For four centuries the Graham family nurtured and developed Netherby and its estates before they finally parted company in the late 1900s.
There’s is a tale of “rogues to riches”, steeped in the history of the Borders with its notorious Reivers and a unique part of the country that went by the forbidding name of the Debateable Land.
It appears the Netherby Grahams descended from nobility, through Lang Will Graham, born in 1468, a grandson of Malise, Earl of Strathearn and 1st Earl of Menteith.
Sometime before 1492, the King of Scots, probably James III, got fed up of Lang Will’s business practices. He was well known for his Reiver ways of extracting rents, mails, for land he did own but he went too far when he stole lands from the Earl of Morton.

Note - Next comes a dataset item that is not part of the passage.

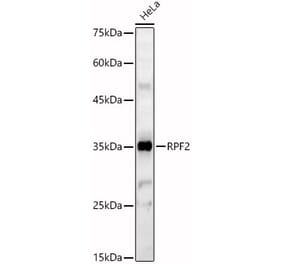 Western Blot - Anti-RPF2 Antibody (A92708) - Antibodies.com
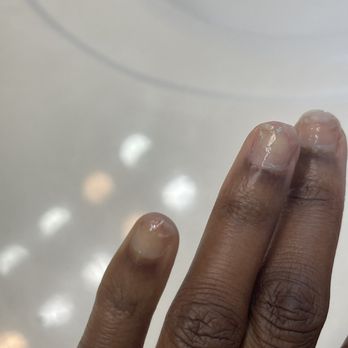 Oasis Nail Spa - Painful and torn nails - Nail Salons Near Me - Pearland, Texas Oasis Nail Spa - Painful and torn nails - Nail Salons Near Me - Pearland, Texas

Put to the horn, in other words and outlaw, he was eventually forced to flee with his family to the Debateable Land, an area between Langholm and the Solway claimed by neither Scotland nor England. It was a British badlands, an area where any person who was outwith the law and consequently could be killed without any redress on the killer, would find refuge. As such it was home to some of the most notorious Border Reivers, the Grahams among them.
Lang Will’s family prospered. By the 1540s, made up of at least six sons, they had half a dozen peel towers and the eldest son, Richard, owned Netherby. Lang Will’s rent collecting business, blackmail to you and I, raised vast amounts of money, 100,000 merks according to one source. They were allies of the Armstrongs and linked by marriage to the Johnstones.

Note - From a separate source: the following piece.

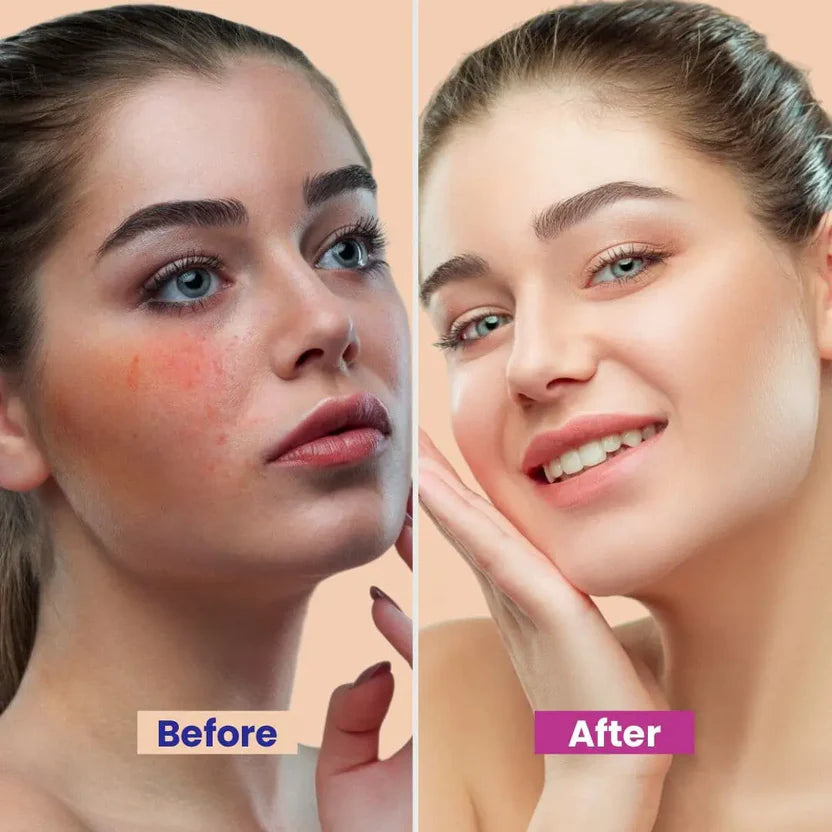 Max Hydration Goldish Anti Aging Beauty Cream Brightening & Hydrating Formula With Vitamin B6 & Arbutin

But they were arrogantly confident about their strength and abilities as a record from the State Papers of Henry VIII, in the shape of a letter from his nephew, King James V, reveals. It complains that on May 29, 1541, six sons of Lang Will Graham (Richard, Thomas, Fergus, Will, John, and Hutchin), along with about 50 others, on an open day foray came to Auchinbadrig, in the lands of Logane, in the parish of Kirkpatrick (Dumfriesshire) and there murdered brothers Thomas, Rolland, and William Armstrong, sons of David Armstrong. The accused then brazenly appeared the following Tuesday at a day of truce held by the Scottish West March Warden, Lord Maxwell, and his English counterpart, Sir Thomas Wharton, with the blood of the slain still on their hands, faces, and clothes. Maxwell was rebuffed when he asked for redress.
It was not the last time the Grahams would be part of a rebuff to the Maxwells. They fought alongside the Johnstones at the Battle of Dryfe Sands in December, 1593. The vastly outnumbered Johnstones out thought and outfought Lord Maxwell’s superior forces in a running battle through the streets of Lockerbie.

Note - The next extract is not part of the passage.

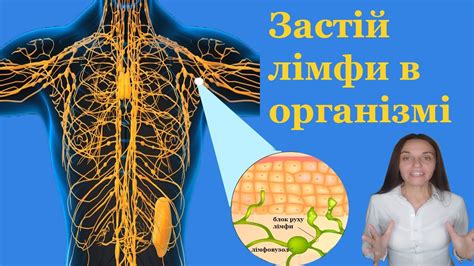 Хронічний застій лімфи в організмі, ознаки як проявляється лімфатичний ...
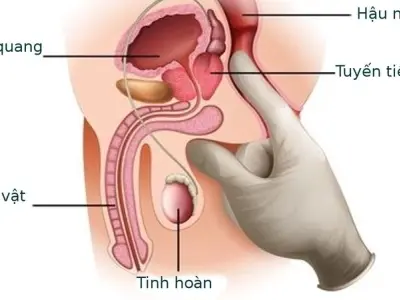 Quan hệ cửa sau có bị sao không và ảnh hưởng sức khỏe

King James VI brought the reiving way of life to an end after he ascended the English throne in 1603. But the Graham’s success story continued with another Richard, almost certainly a grandson of Lang Will. Born in 1583, he was a favourite of King James and became Master of the Horse to the Duke of Buckingham, entrusted to run errands all over Europe. One was to arrange the marriage of the King of Spain’s daughter to King Charles 1.
He is referred to as Sir Richard and is credited with taking the first steps to turn the old peel tower into the magnificent home and gardens it was to become.
So in the space of three generations the fortunes of the Graham family had been transformed from notorious outlaw to a Royal favourite at the heart of the kingdom.
The work on the Hall was to continue through successive generations. Alterations made by Dr Robert Graham, who took possession in 1757, were still visible in the 1960s.
Possibly Netherby’s most celebrated son was Sir James Graham, 1792 -1861, who became MP for Carlisle and several other constituencies, and has been described as a politician of national importance, a British statesman.
The second baronet, in an illustrious career he was First Lord of the Admiralty and went on to become Secretary to the Home Department under prime minister Robert Peel. Graham Land in Antarctica is named after him.
He carried out further extensions to the house in 1833.
His father, the first baronet, also James, was a friend of the great Scottish author, Sir Walter Scott, who, it is claimed, wrote his famous poem, Young Lochinvar, at Netherby in 1802.
Much of the estate was sold off in the early twentieth century but it remained in the family’s hands until the 1960s.